The topic of every message: Orkut itself. According to one message, any random friendless person can conveniently post a message that reaches thousands of users via their friend "networks." In other words, insanely convenient spammage. Another poster replied that this sort of endless nitpicking is sure to turn Orkut into yet another "hippie echo chamber." I think they opened for the Flaming Lips last week at the Trocadero.
Tonight Orkut has been shut down to "implement some improvements and upgrades suggested by users." In their defense, the Google staff point out that Orkut is in beta and they did warn us this sort of thing could happen. Ticked off, I decided to check out Friendster, which I somehow skipped up until now.
When I got to Friendster's site, I was surprised to see that Friendster also describes itself as a "beta" version. And that gave me some sympathy for the Orkut administrators, who are only trying to use the word "beta" to mean what "beta" is supposed to mean:
- Beta means "outsiders are welcome to play with this, but don't trust it with your life."
- Beta means "we have run out of ways to break it ourselves and really need some outside input now."
- Beta means "if something breaks, that's good; give us specific and detailed feedback, and don't whine."

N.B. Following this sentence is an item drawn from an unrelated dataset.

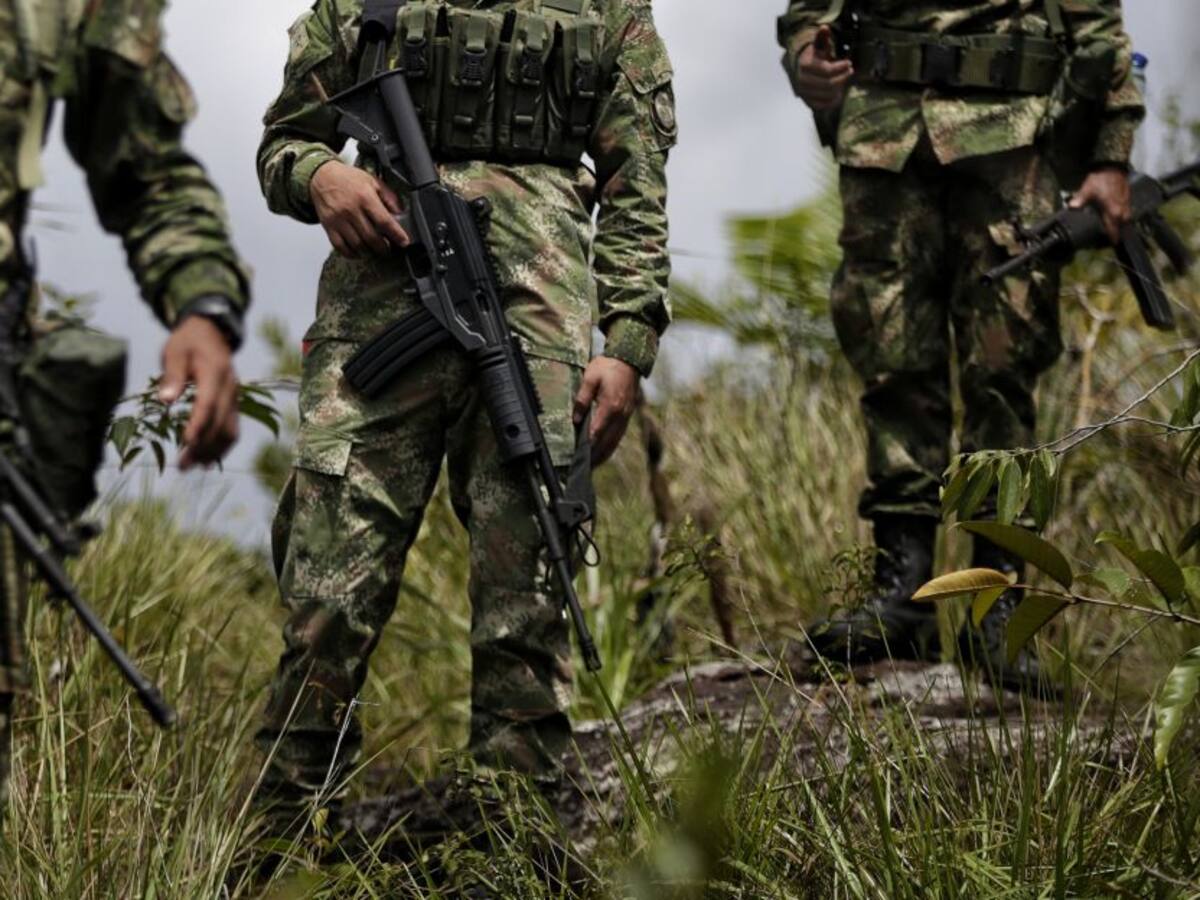 Miembros del Ejército enfrentarían destitución por cuestionar a contratista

This is a pretty accurate description of what Orkut is doing. Is this really an accurate description of what Friendster is doing, after three years? Or are they just afraid to call it a finished product and invite the level of criticism that is appropriate for a finished product? No wonder people don't understand that Google's staff are acting appropriately when they take the beta version of Orkut down for a while to fix the important problems users have pointed out.But "beta" is not the most offensive phrase on the Friendster home page. "Patent pending" is much worse. A patent on online social networking? I'd laugh if it wasn't so... no, wait, I am laughing. Give me a break, here. Surely this is nonsense no one takes seriously. Right?
Wrong, wrong, wrong, according to this news.com story. sixdegrees patented online "social networking" sites in 2001. Two Friendster-like sites have acquired the patent. Now everyone in the field is furiously writing patent applications.
I'd like to invite you all over for a beer, but I can't afford the intellectual property fees.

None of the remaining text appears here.